Though the variation was discovered in 1667, it was probably known long before that and is probably the reason for the star's bad reputation. The cause of the sudden drop is a stellar eclipse. Algol is a close double star whose components orbit each other every 2.867... days. The companion to the visually observed star is a much dimmer yellow-orange class K giant star with a temperature of 4500 Kelvin and a luminosity 4.5 solar, just 2.5 percent that of the class B star. (The uncertain class of the faint star ranges from G5 to K2, from subgiant to giant. For simplicity, let's call it the "K giant.") The B star, at 2.9 solar radii, is smaller than the K giant (3.5 solar). Each orbit, when the dimmer, larger K star passes in front of the brighter B star, we see a deep eclipse. The eclipse is only partial, some of the light of the principal component still shining brightly through. Between the deep "primary" eclipses is a smaller dip when the bright star passes partially in front of the dim one.

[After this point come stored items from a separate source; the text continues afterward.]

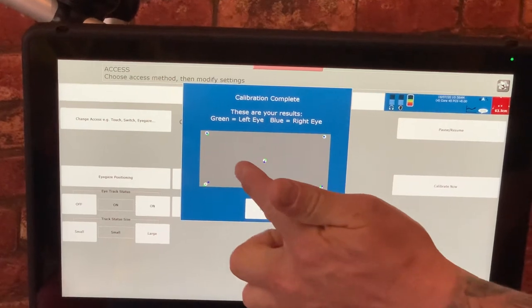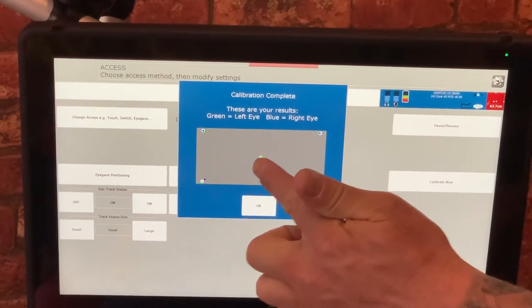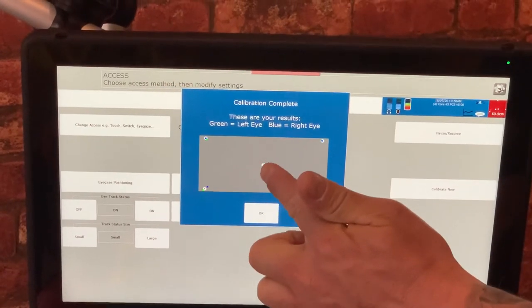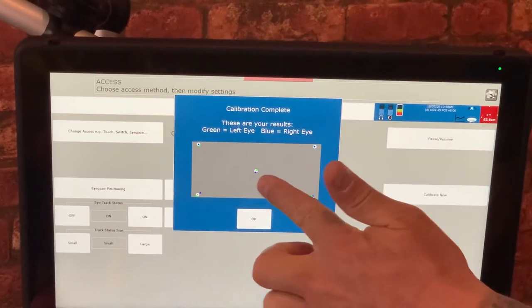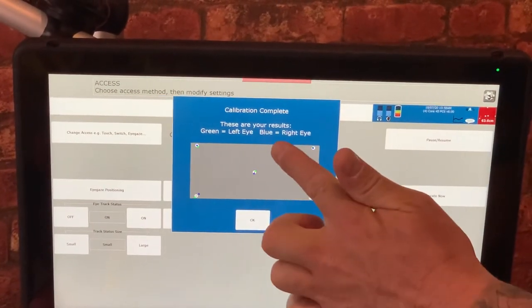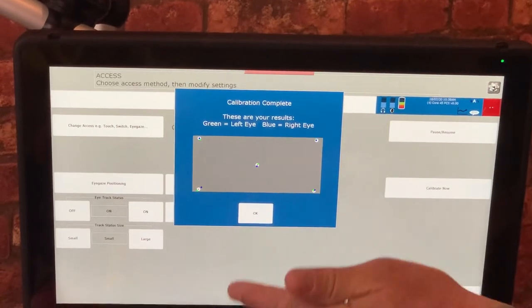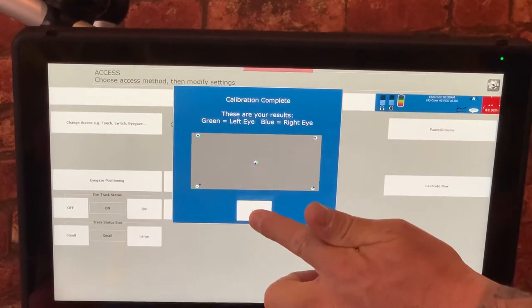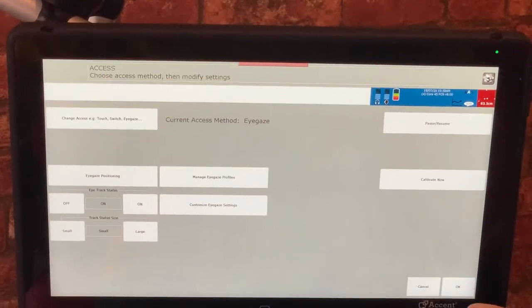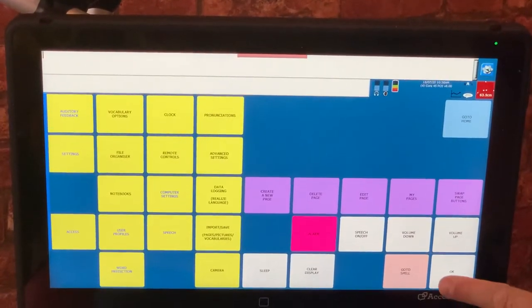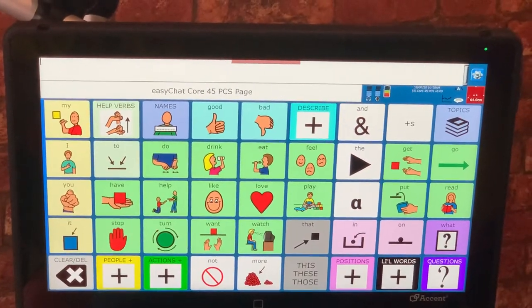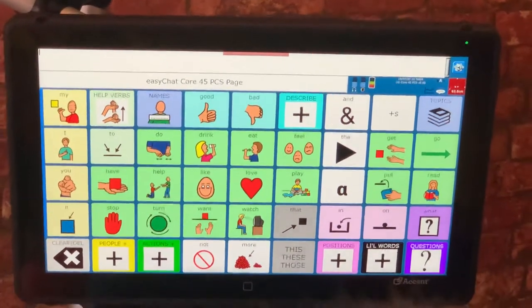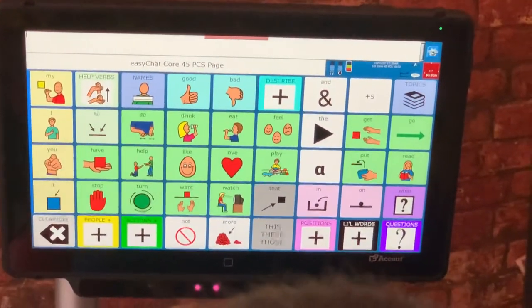It'll come up with an indicator of left and right eye to show you where they are. Left eye is green, right eye is blue. Just press OK for me, press OK again and press OK again. And we should be ready to start using eye gaze.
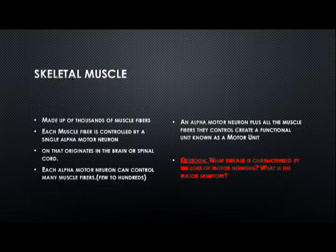Moving on: skeletal muscle is made up of thousands of little muscle fibers that form fascicles, controlled by a single alpha motor neuron. This alpha motor neuron originates somewhere in the spinal cord or even the brain, and each can control anywhere from a couple of fibers to hundreds of muscle fibers. A motor neuron plus the muscle it innervates is called a functional motor unit. What neurodegenerative disease is characterized by the loss of these motor neurons, and what are the major symptoms?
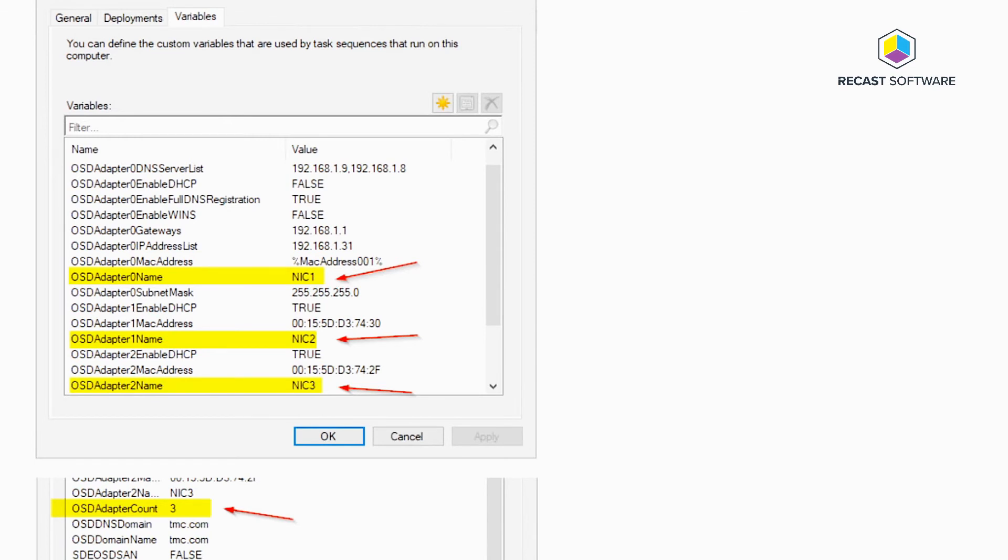The point of this is that you can import a record into Configuration Manager, set up all this information on the record through machine variables, and then during the task sequence this will get pulled in. You'd still need to, if you don't have DHCP, you'd still have to manually put in an IP for WinPE but this would then populate into the task sequence.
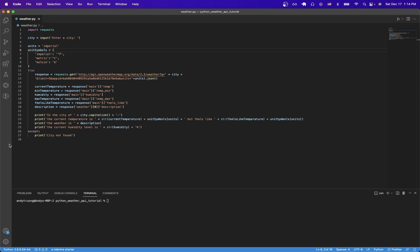In today's video, I will show you how to use the Open Weather Map API to get weather data about a specific city. This is what the final result will look like once you have everything set up.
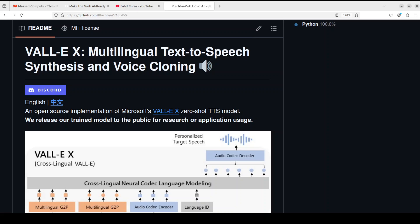Hi everyone, this is Fahad Mirza and in this video we are going to have a look at ValliX, which is an open source implementation of Microsoft's very popular model VALL-E X — zero-shot TTS or text-to-speech. We are going to install it locally and then we will use it for different use cases including voice synthesis and voice cloning.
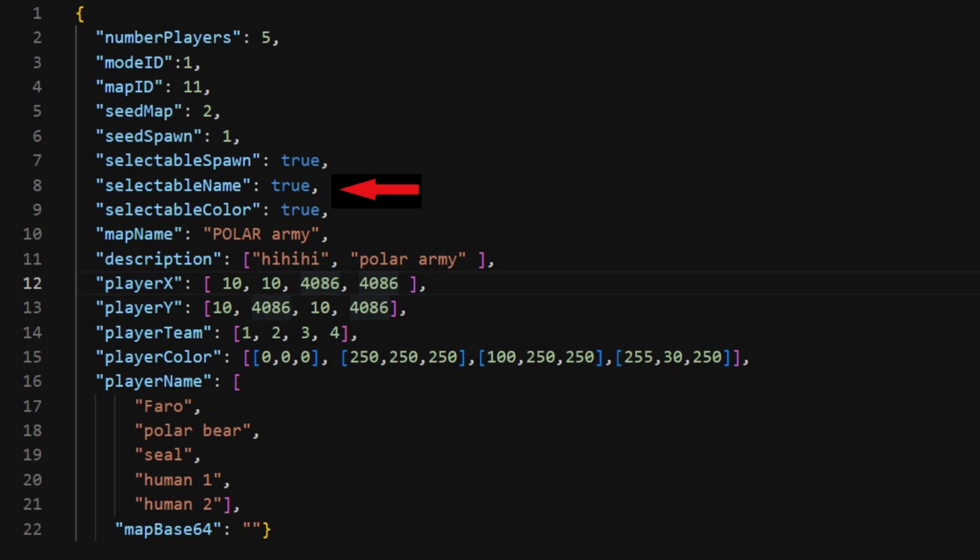Here you can choose whether or not you want to pick your own name. If you write false, then you won't be able, and it will take the first name you wrote in your file. We will see that later. Here is whether or not you wanna be able to pick your own color. If you write false, you will have to specify in the file, or it will give you a random color. We will see that later.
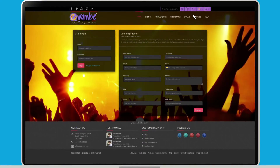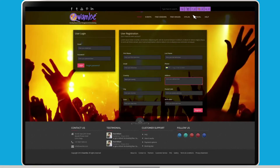Enter your first name, last name, email, phone, country, address, city, postal code, state, and birth date.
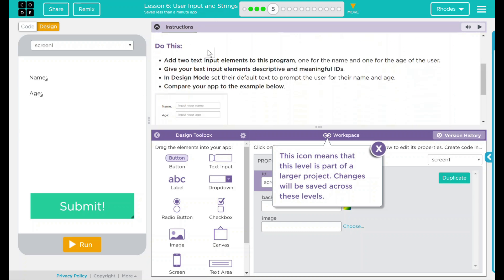We have a do this: add two text input elements to the program, one for the name and one for the age of the user. Give your text input elements descriptive and meaningful IDs. In design mode, set their default text to prompt a user for their name and age. Compare your app to the example below.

The eclipses of Algol were first accurately recorded photoelectrically around 1910 with the historic 12-inch refractor at the University of Illinois Observatory. The magnitude scale does not reflect actual visual magnitudes. The primary eclipse at left occurs when the bright class B star partially hides behind the cool K star. The brightness of the system then changes slightly out of eclipse because of the tidal distortion of the stars and the reflection of the B star's light from the K star. Thirty hours after the primary eclipse, the smaller B star passes in front of the K star and cuts out a portion of its light to create the secondary eclipse at center. Light curve by Joel Stebbins in the Astrophysical Journal, vol. 32, p. 185, 1910.
Algol is famed first as a prototype of the class of eclipsing double stars, of which thousands are known. They are among the most important kinds of stars, as they provide us with information on stellar masses and dimensions. But Algol is equally famed for the "Algol paradox." The higher the mass of a star, the shorter its lifetime, as its fuel is used so much faster. The companion to Algol is the dying giant star. Yet carrying but 0.81 solar masses, it is the LESS massive of the two (the B star weighing in at 3.7 solar). The only explanation is that the dim companion has lost a great deal of mass. The two stars are so close together, separated by only five percent the distance between the Earth and the Sun, that the brighter smaller star produces tides in the larger one. Matter then flows in from the large one (at a rate of around two hundred- millionths of a solar mass per year) to the small bright one, the effect directly observed through the stellar spectrum as the K giant is being stripped nearly to its core. A third member of the system, Algol C, a class A or F star of 1.8 solar masses, orbits about 3 Astronomical Units away with a period around the inner pair of 1.86 years. The system is a source of X-rays, though whether they come from a corona around one of the stars or from the flow of matter hitting the B star is uncertain. Algol is no demon at all, but a true friend, teaching us how stars interact and die, the effects of which you can see from your own backyard with no telescope at all. (Algol is featured in Jim Kaler's The Hundred Greatest Stars.)